Toys R Us UK could collapse this week with the loss of 3,200 jobs as it struggles to win the support of the state-backed Pension Protection Fund (PPF) for a planned restructure.
PPF, the industry-funded, state-backed safety net, has asked the troubled retailer to infuse about £9 million into the ailing Toys R Us UK pension fund.
The measure would help win the PPF's support for the retailer's planned company voluntary arrangement (CVA) procedure, which would see at least 26 loss-making stores close. The deal would bring the axe down on 800 jobs.
The insolvency procedure would subject Toys R Us' pension fund to assessment by the PPF, giving it a key vote at the meeting and the potential to block the process.

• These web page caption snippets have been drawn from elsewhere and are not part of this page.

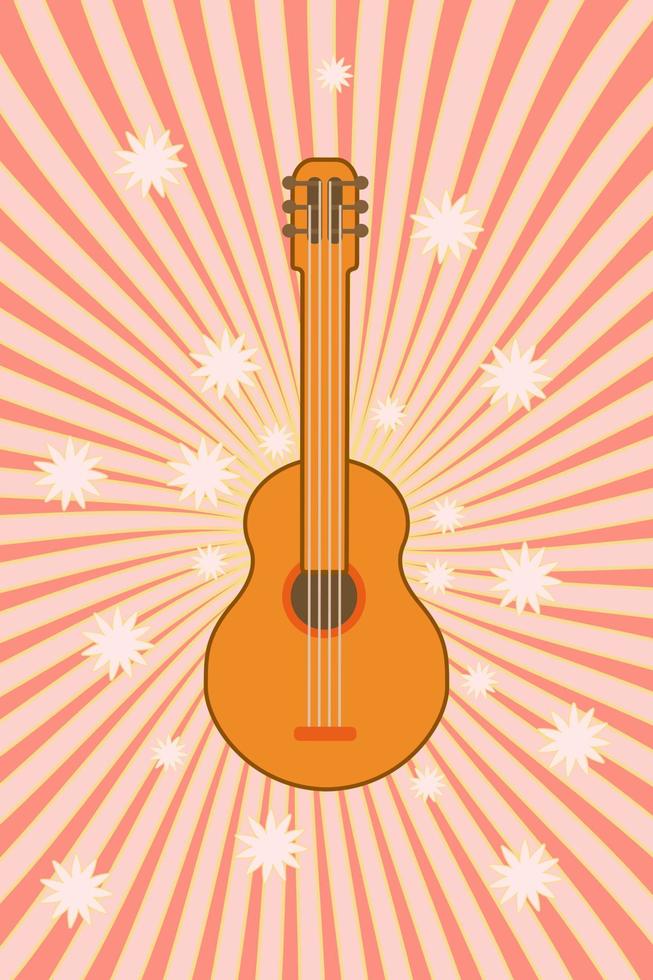 Groovy music with retro guitar. Hippie style. Vintage art design. Musical instrument. Cartoon. Vector illustration on a jolly background.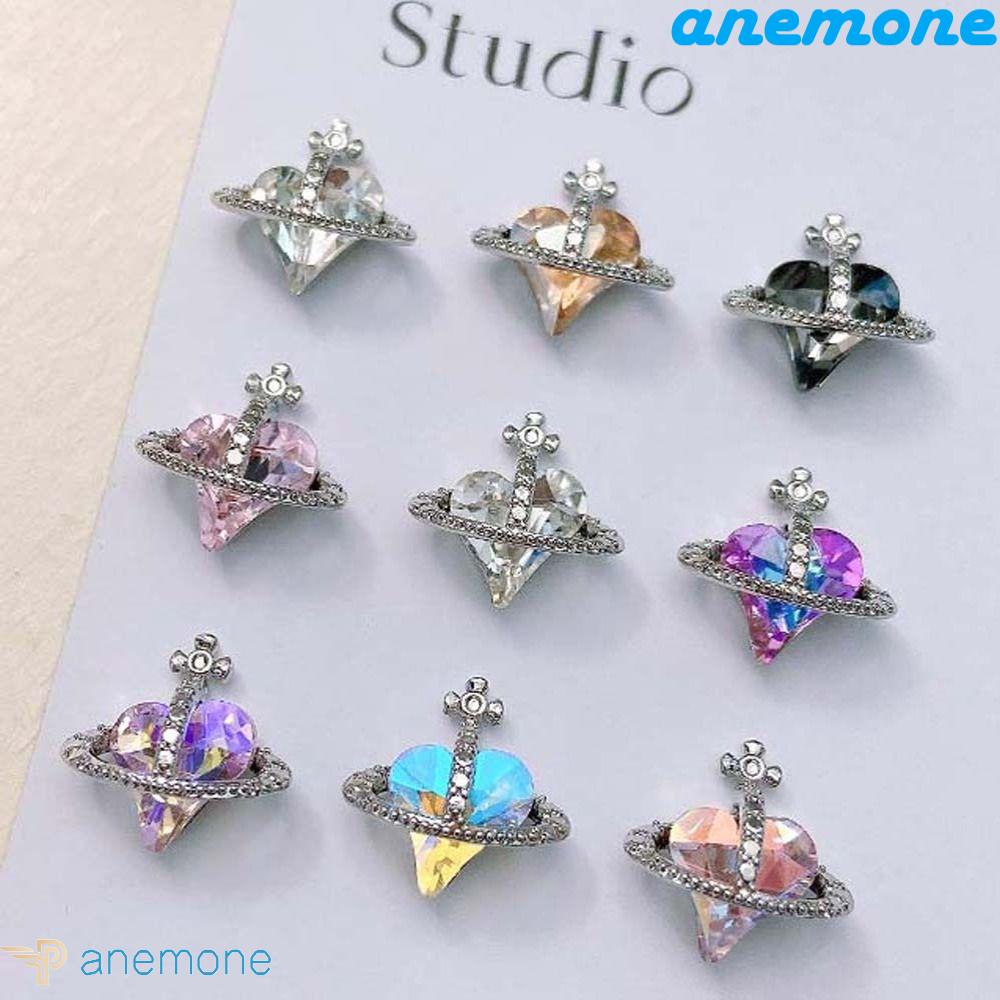 ANEMONE Phụ Kiện Trang Trí Móng Nghệ Thuật 3D Hình Trái Tim Phong Cách Nhật Bản Dành Cho Nữ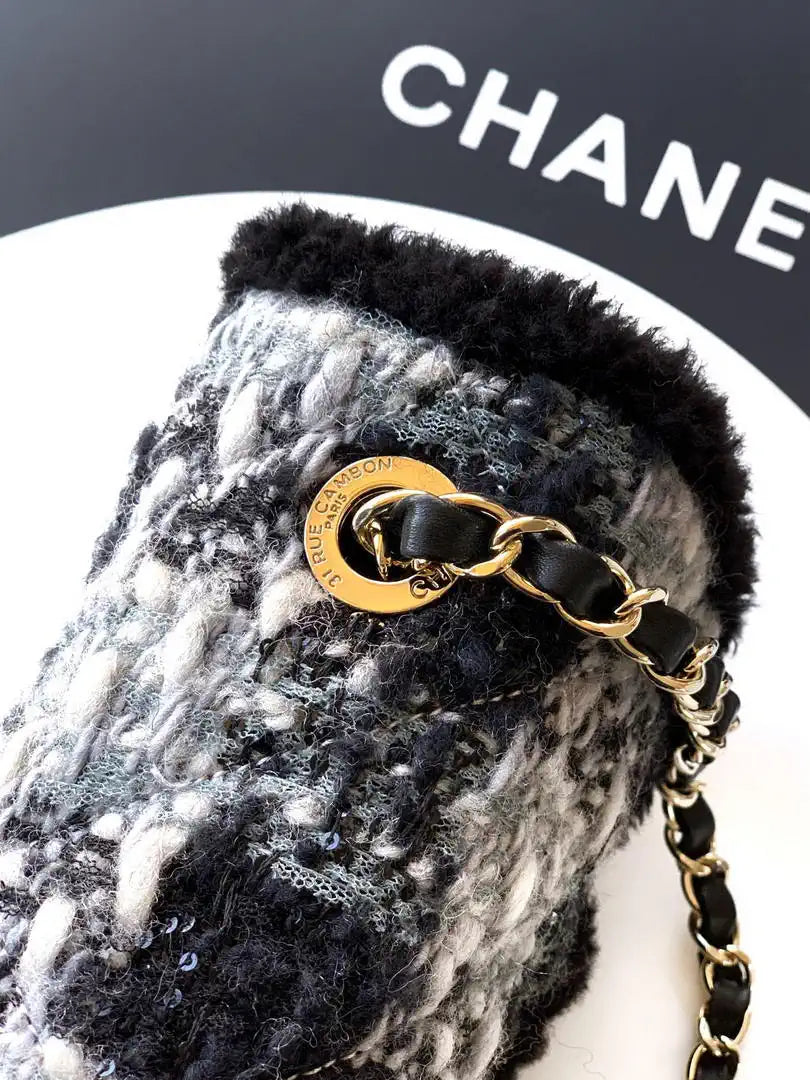 Chanel  Mini Tweed Shearling Lambskin & Gold-Tone Metal AS5685 Black & Gray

In the event the CVA were not to go ahead, according to sources close to the company, it was likely to fall into administration with the potential closure of all 84 permanent stores and about 20 more pop-ups, putting all 3,200 UK staff at risk of redundancy.
The company's latest set of accounts filed at Companies House show a pension deficit of £18.4 million in January, up from £10.25 million a year before.
Meanwhile, The Telegraph reports that the PPF is demanding the funds within two months in a bid to secure the future of the pension scheme if Toys R Us's rescue plan were to fail. The amount is equal to that which would be put into the pension scheme over the next three years.
The PPF, whose vote was likely to determine whether or not the plan would go-ahead, would need to formally lodge papers on its decision by midday tomorrow. The vote is scheduled for Thursday.
Toys R Us requires support from 75 per cent of its creditors, including landlords, for the CVA, which was first reported by Sky News.